### Exercise data
########################################
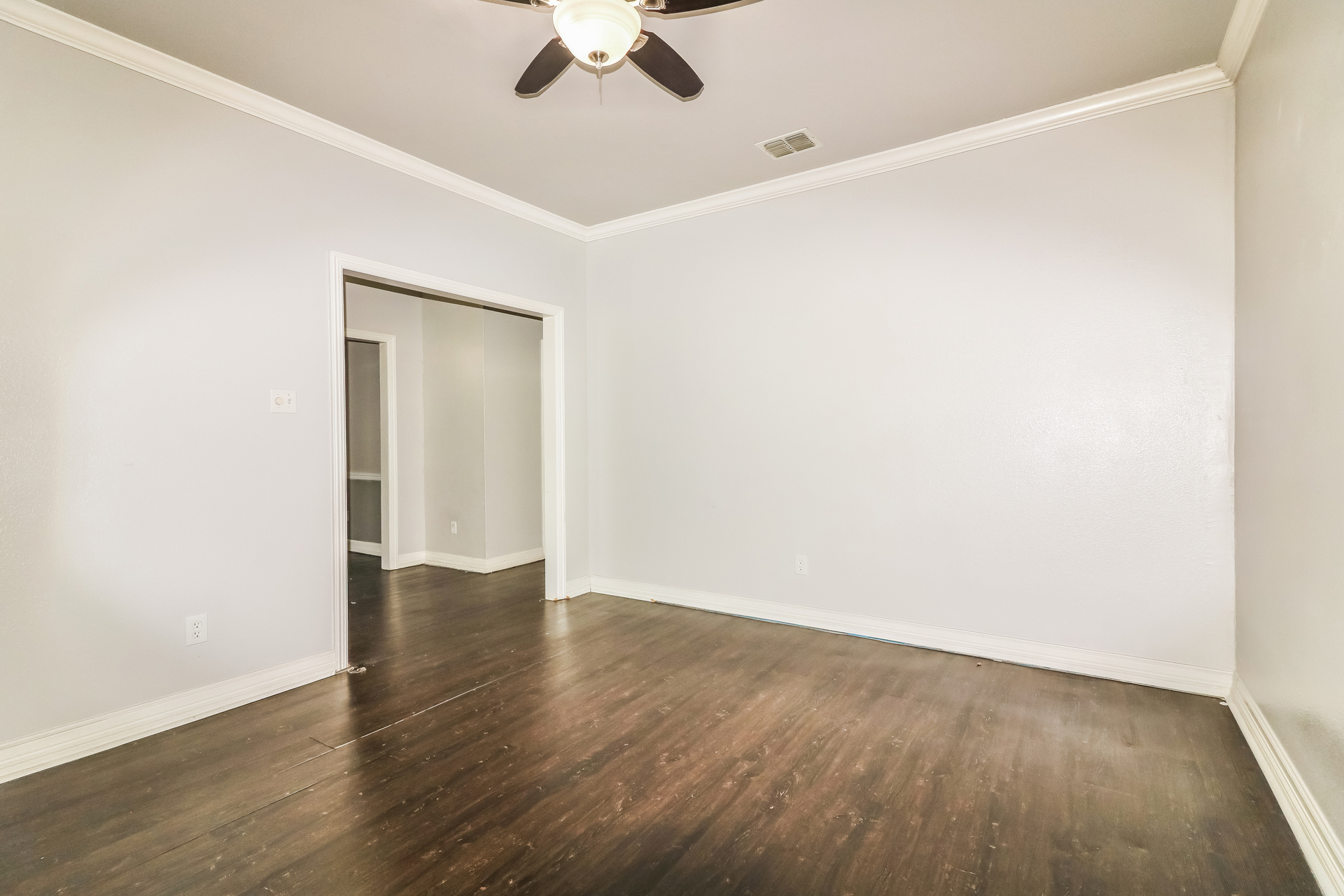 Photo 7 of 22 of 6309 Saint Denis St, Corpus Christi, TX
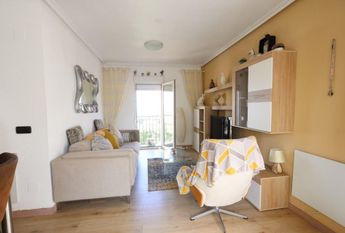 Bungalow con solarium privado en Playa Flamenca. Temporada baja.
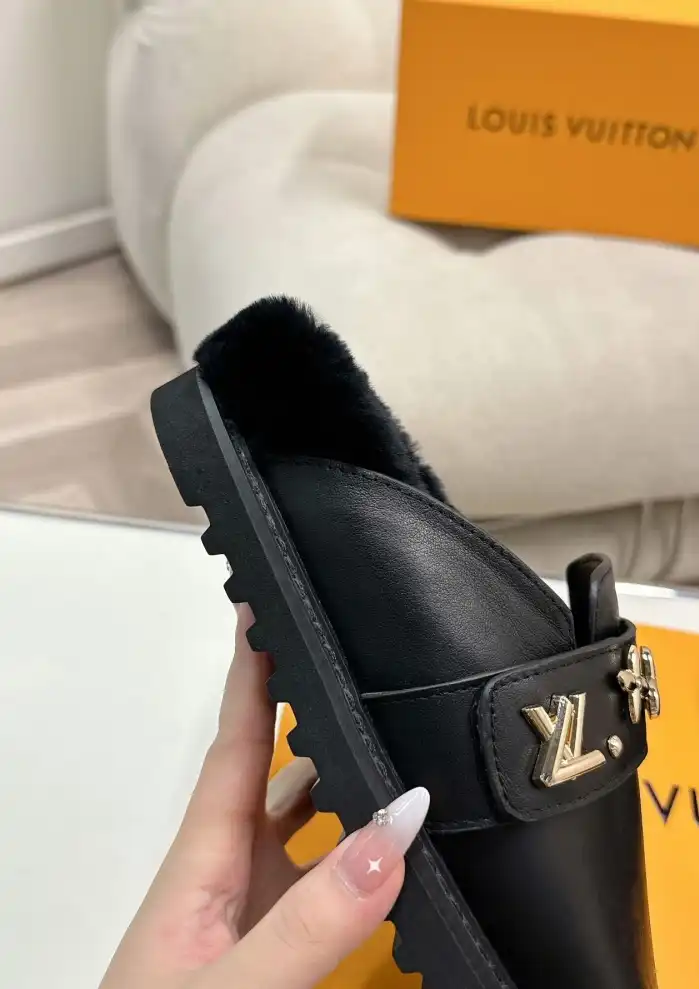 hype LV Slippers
########################################
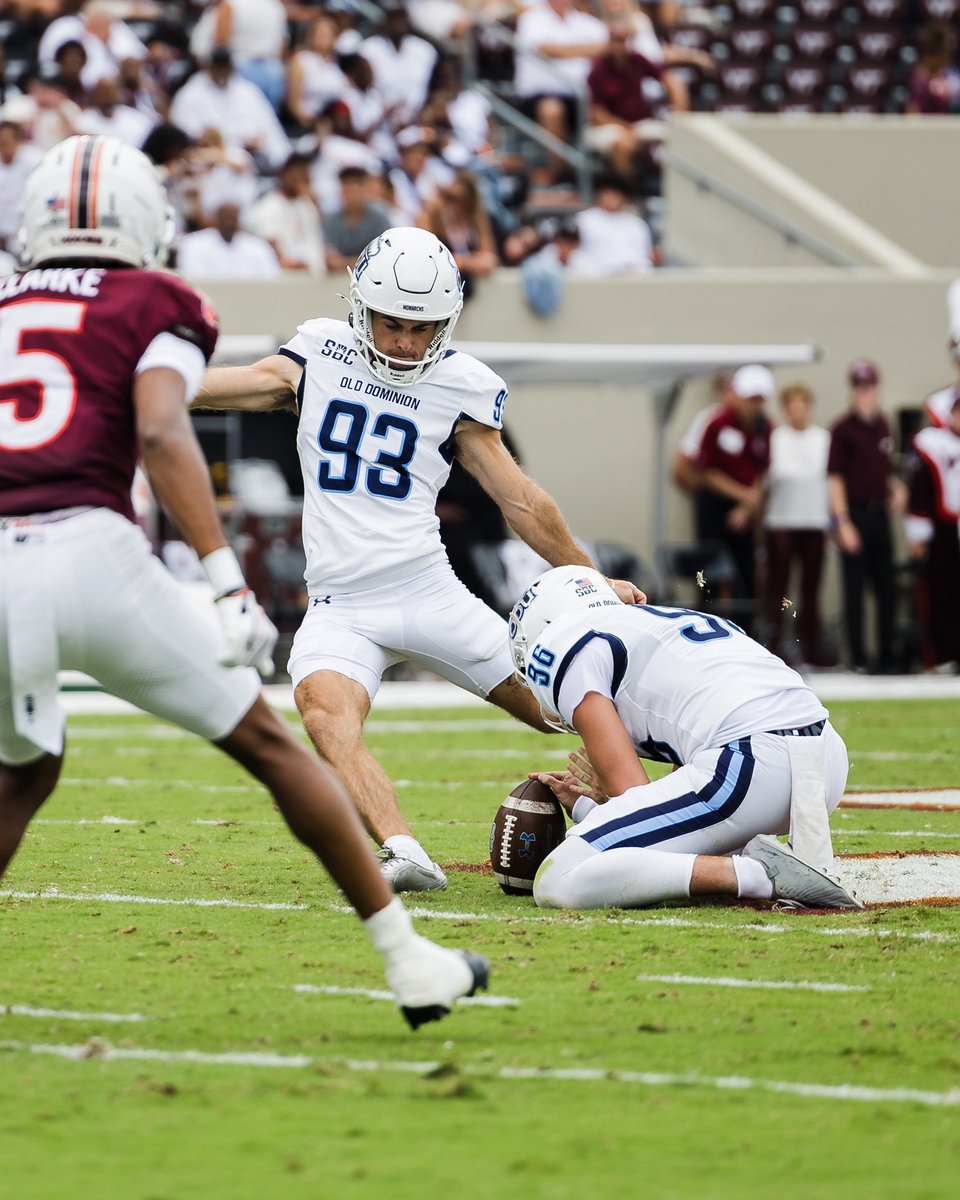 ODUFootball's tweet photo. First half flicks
########################################
### Assignment
Range to print from the listing above: from the line with "Bungalow con solarium" up to and including the line with "hype LV Slippers". Please print those lines exactly, with no pictures and nothing more.

### Answer box
 Bungalow con solarium privado en Playa Flamenca. Temporada baja.
 hype LV Slippers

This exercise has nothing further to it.